AskReddit users share the weirdest things they’ve seen turn up at Goodwill stores.
1. Mice!
“Goodwill was my first job. My first day of working there, I opened a box and saw some yarn. It looked suspicious, so I poked it and a bunch of pinkies (baby mice) crawled out.
That was a pretty good indicator of what the next year of my employment was going to be like. The only thing I really learned was that people take “donation” to mean “free trash dump.” “
2. Bad timing
“During the Austin, TX serial bombings earlier this year, someone donated an artillery simulation device that ended up going off while being sorted and led to minor injuries to an employee and mass hysteria that the bomber had started to target donation drop offs.
Bad weird donation. Worse timing.”
3. No thanks
“A Blazer Vest with a LIVE BAT comfortably nestled inside it, cute little guy.
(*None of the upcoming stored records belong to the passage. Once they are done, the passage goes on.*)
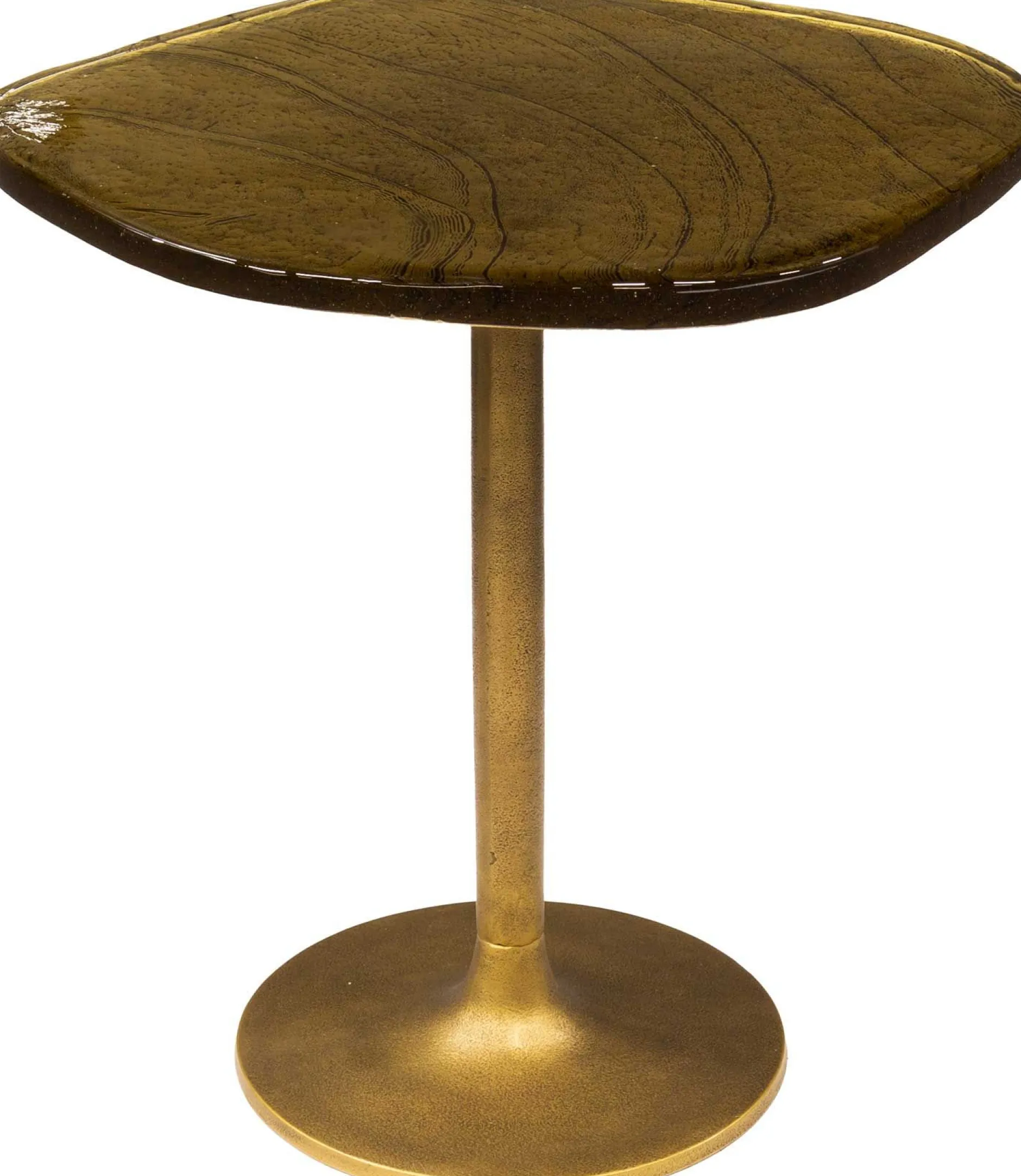Beistelltisch mit Glasplatte Eclipse S - Antique Gold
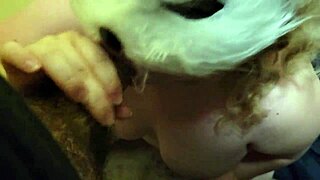 quick closet sex with bbw amateur blowjob and spanking 😈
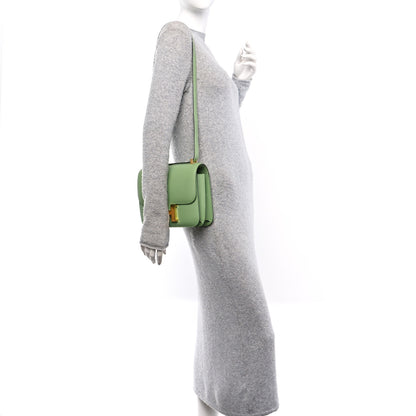 Hermes Epsom Constance 24 Vert Criquet 2 of 11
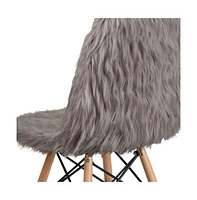 Emma+Oliver Shaggy Accent Chair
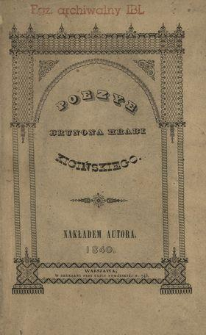 Poezye Brunona hrabi Kicińskiego, częścią przekładane, częścią oryginalne w XII. tomach. T. 3.
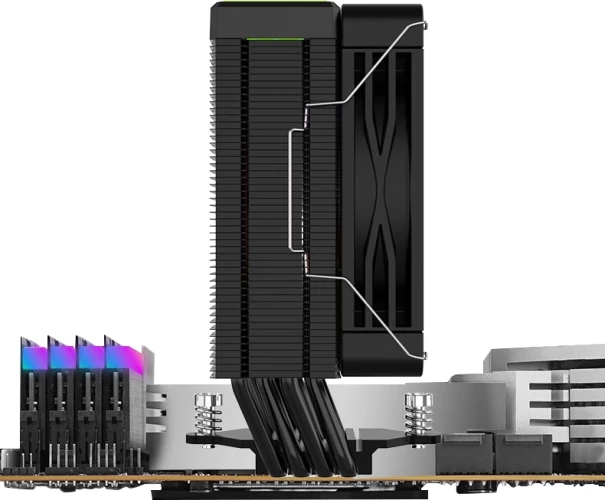 Устройство охлаждения(кулер) Bloody BD-AC205-ARGB1 ARGB Soc-AM5/AM4/1200/1700/1851 черный 4-pin 14-26dB Al+Cu LCD 205W 513gr Ret (BD-AC205-ARGB1-BK)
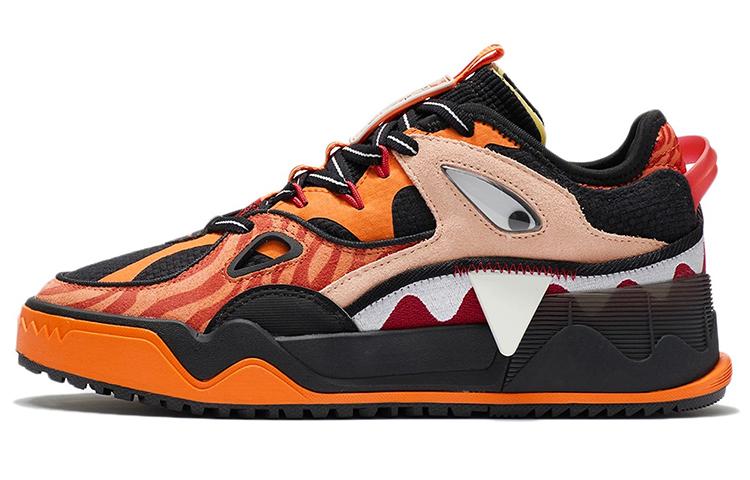 Женские кеды Li Ning CF FlashStar Low top для скейтбординга, черные с оранжевым, AGCS132-1 35.5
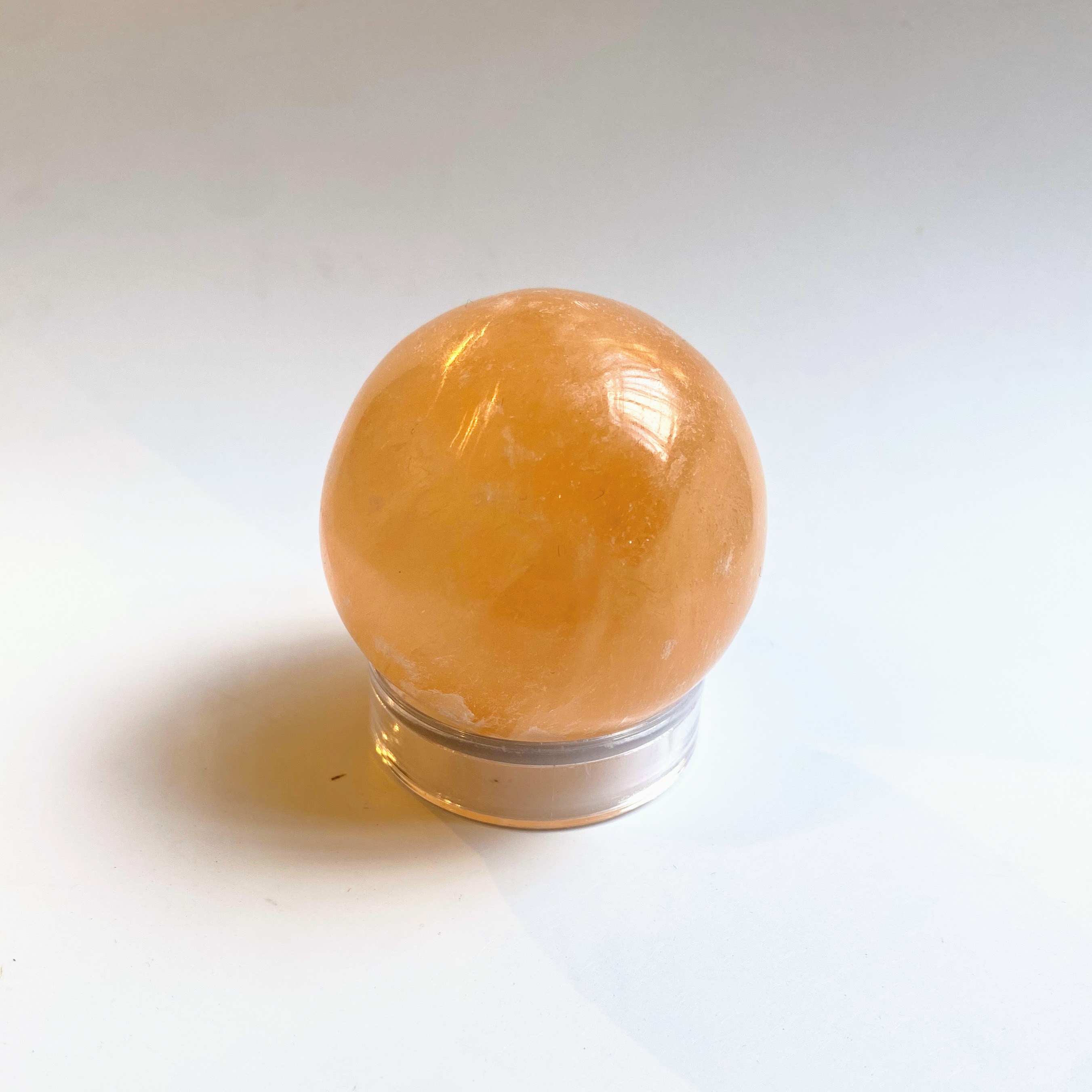 Orange Selenite Sphere (5cm) image 1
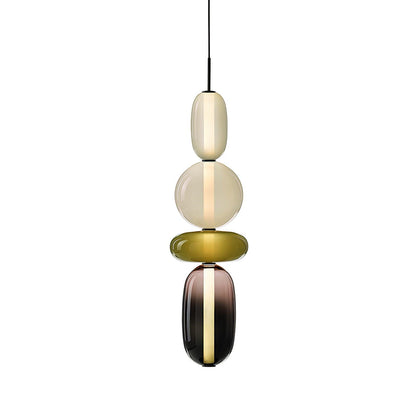 Vibrant Candy Glass LED Chandelier - A Modern and Elegant Touch
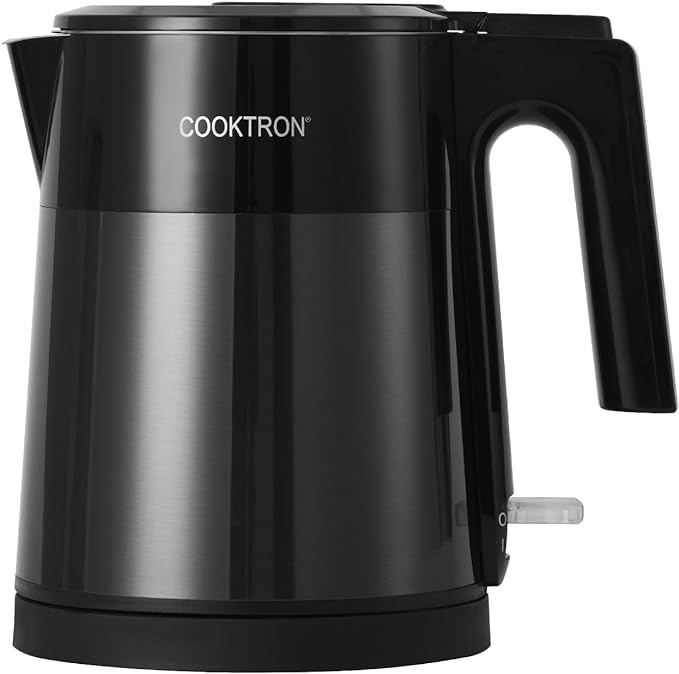 Electric+Kettle+1.2L%2c+Quiet+Boiling+Double+Wall+Hot+Water+Boiler+BPA-Free+Cool+Touch+Tea+Kettle%2c+Cordless+with+Auto+Shut-Off+%26+Boil+Dry+Protection%2c+1500W+Fast+Boiling%2c+Black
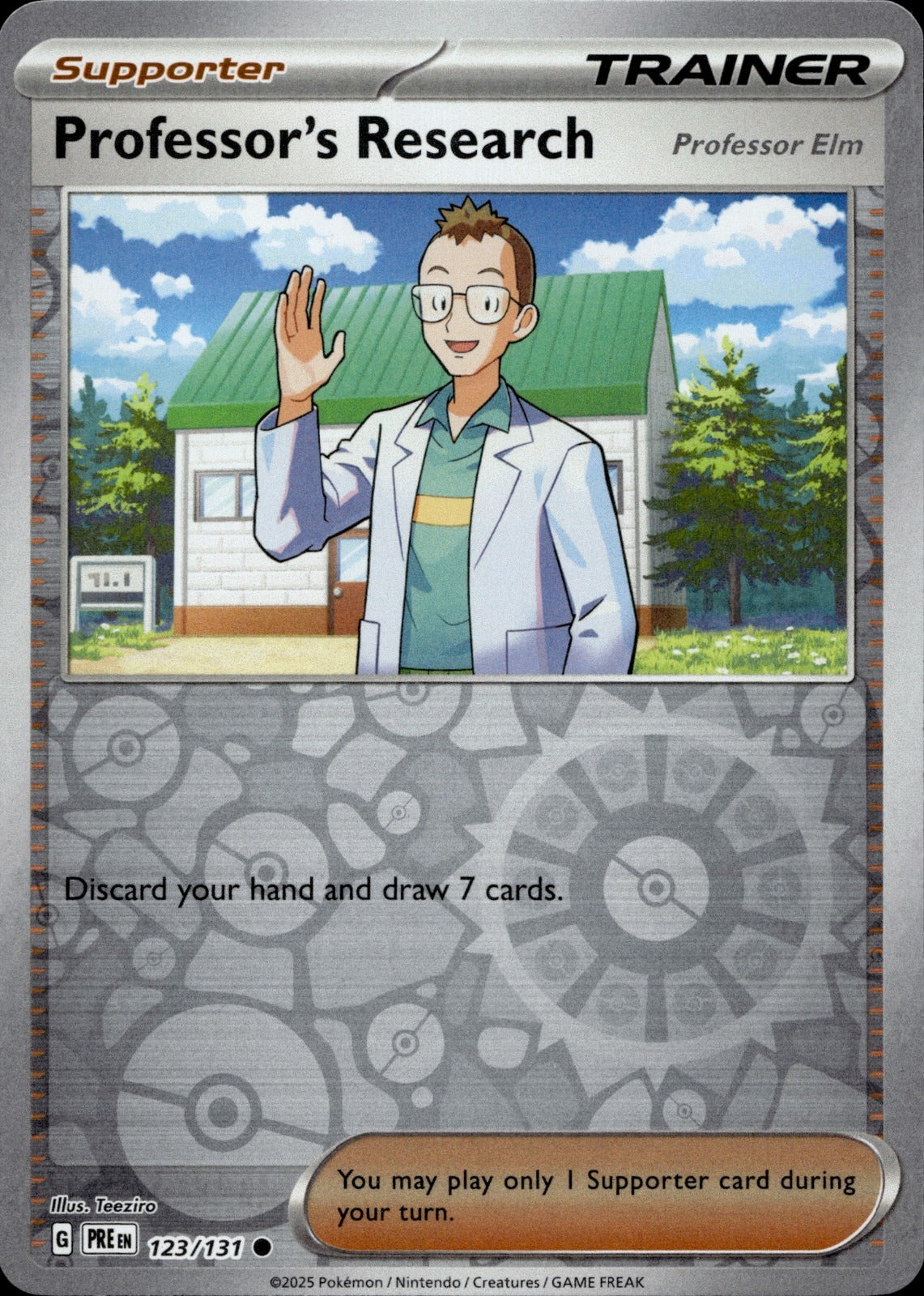Professor's Research [Professor Elm] Reverse Holo Common SV: Prismatic Evolutions 123/131 NM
Never got pictures, was before the age of smartphones I’m afraid. Got the thickest pair of gloves to carefully grab him and release him outside.”
4. Quite a story
“This was 7 years ago now. Had a lady in her late thirties donate everything in her house. A whole moving truck full. I didn’t notice anything odd until it was almost empty. She was acting nostalgic, yet semi flippant about giving it all away. At the end she asked if she could pray for me and the co-worker that helped unload the truck. After she drove away I had a sinking feeling about this lady.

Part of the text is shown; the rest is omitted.